Technological Innovations and Early Factories

The pressure to produce more goods for a growing market and to reduce the labor costs of manufacturing was directly related to the first decisive breakthrough of the Industrial Revolution: the creation of the world’s first machine-powered factories in the British cotton textile industry. Technological innovations in the manufacture of cotton cloth led to a new system of production and social relationships.

The putting-out system that developed in the seventeenth-century textile industry involved a merchant who loaned, or “put out,” raw materials to cottage workers who processed the raw materials in their own homes and returned the finished products to the merchant. There was always a serious imbalance in textile production based on cottage industry: the work of four or five spinners was needed to keep one weaver steadily employed. During the eighteenth century the putting-out system grew across Europe, but most extensively in Britain. The growth of demand only increased pressures on the supply of thread.

Many a tinkering worker knew that devising a better spinning wheel promised rich rewards. It proved hard to spin the traditional raw materials — wool and flax — with improved machines, but cotton was different. Cotton textiles had first been imported into Britain from India by the East India Company. By 1760 a tiny domestic cotton industry had emerged in northern England based on imported raw materials, but it could not compete with cloth produced by workers in India and other parts of Asia. International competition thus drove English entrepreneurs to invent new technologies to bring down labor costs.

After many experiments over a generation, a carpenter and jack-of-all-trades, James Hargreaves, invented his cotton-spinning jenny about 1765. At almost the same moment, a barber-turned-manufacturer named Richard Arkwright invented (or possibly pirated) another kind of spinning machine, the water frame. These breakthroughs produced an explosion in the infant cotton textile industry in the 1780s. By 1790 the new machines were producing ten times as much cotton yarn as had been made in 1770.

Hargreaves’s spinning jenny was simple, inexpensive, and powered by hand. In early models from six to twenty-four spindles were mounted on a sliding carriage, and each spindle spun a fine, slender thread. Arkwright’s water frame employed a different principle. It quickly acquired a capacity of several hundred spindles driven by waterpower. The water frame required large specialized mills located beside rivers and factories that employed as many as one thousand workers from the very beginning. The major drawback of the water frame was that it could spin only a coarse, strong thread. Around 1790 a hybrid machine invented by Samuel Crompton proved capable of spinning very fine and strong thread in large quantities. Gradually, all cotton spinning was concentrated in large-scale factories.
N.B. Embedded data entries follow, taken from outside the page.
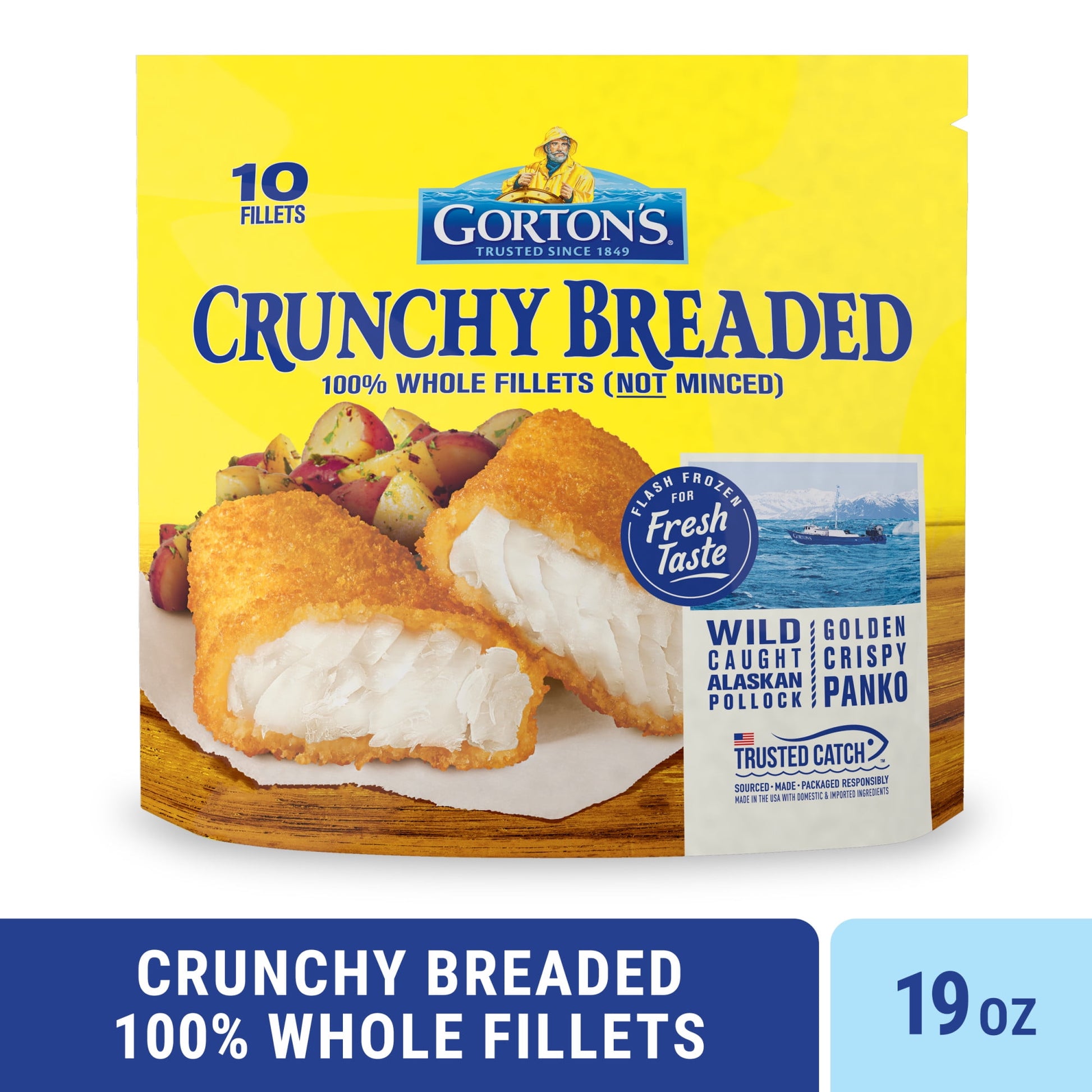 Gorton Crunchy Breaded Fish 100% Whole Fish Fillets (Not Minced), Wild Caught Alaskan Pollock With Crunchy Panko Breadcrumbs, Fr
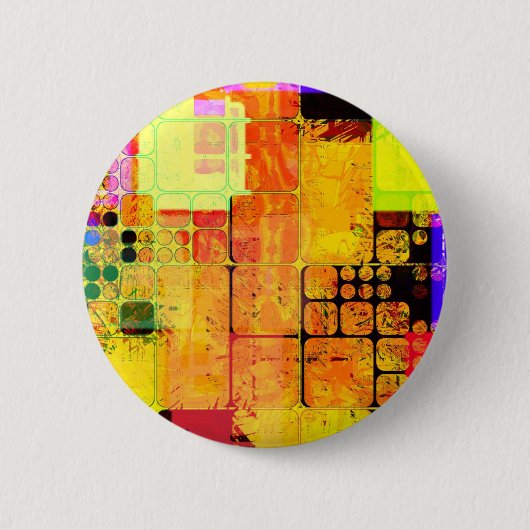 Funky Geometric Multicolored Design Ronde Button 5,7 Cm (Voorkant)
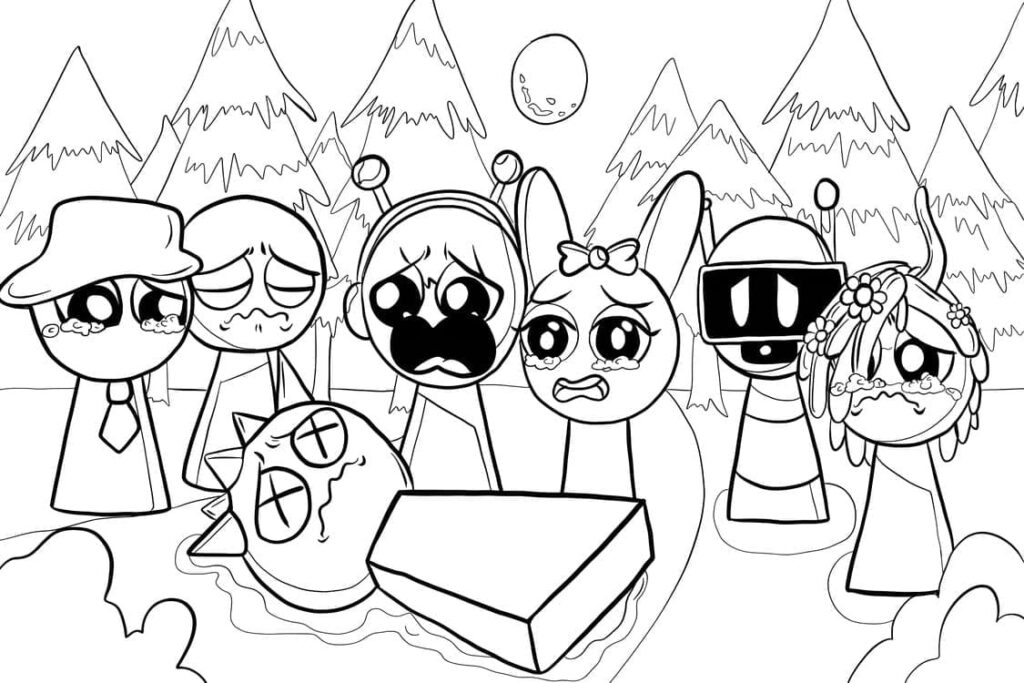 Omalovánka Obrázek Incredibox Sprunki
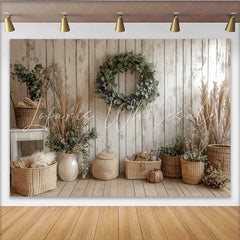 Lofaris Rustic Wood Wall Photography Backdrop with Eucalyptus Wreath and Pampas Grass Farmhouse Studio Background for Photoshoot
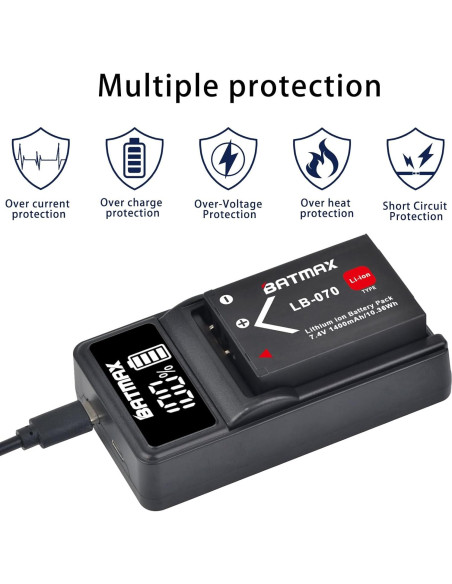 Batería recargable Batmax LB-070 + Cargador LCD USB para Kodak y Minolta Batería recargable Batmax LB-070 + Cargador LCD USB para Kodak y Minolta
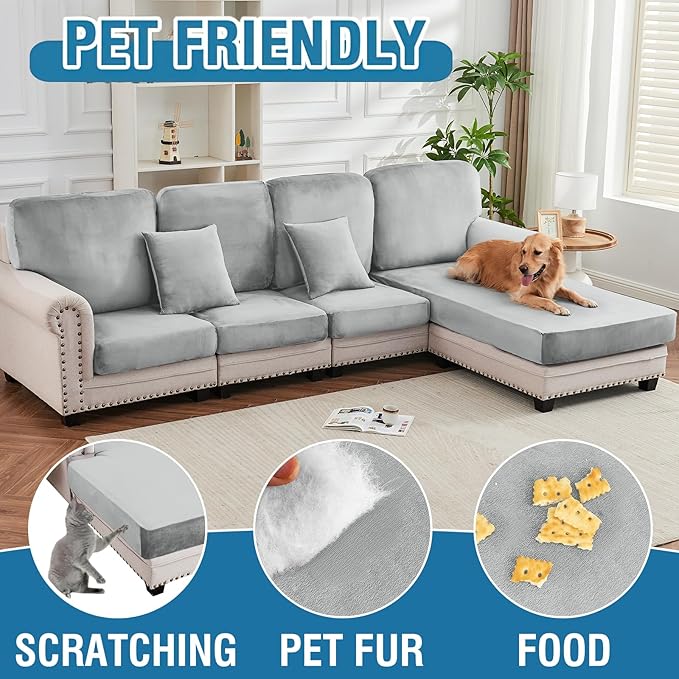 Couch Cover 8-Piece Elastic Velvet Couch Cushion Covers & Chaise Slipcovers for L-Shaped Sofas - Sofa Seat Covers Washable, Soft Protector for Couches (7 Seater + Chaise, Light Grey)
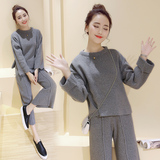 时尚套装女2016秋冬新款韩版针织套装两件套阔腿裤长袖上衣百搭潮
These revolutionary developments in the textile industry allowed British manufacturers to produce vast quantities of both fine and coarse cotton thread. Families using cotton in cottage industry were freed from their constant search for adequate yarn from scattered part-time spinners, because all the thread needed could be spun in the cottage on the jenny or obtained from a nearby factory. The income of weavers, now hard-pressed to keep up with the spinners, rose markedly until about 1792. In response, mechanics and capitalists sought to invent a power loom to save on labor costs. This Edmund Cartwright achieved in 1785. But the power looms of the factories worked poorly at first and did not fully replace handlooms until the 1820s.

Working conditions in the early cotton factories were so poor that adult workers were reluctant to work in them. Factory owners often turned to orphans and abandoned children instead. By placing them in “apprenticeship” with factory owners, parish officers charged with caring for such children saved money. The owners gained workers over whom they exercised almost the authority of slave owners. Housed, fed, and locked up nightly in factory dormitories, the young workers labored thirteen or fourteen hours a day, six days a week, for little or no pay.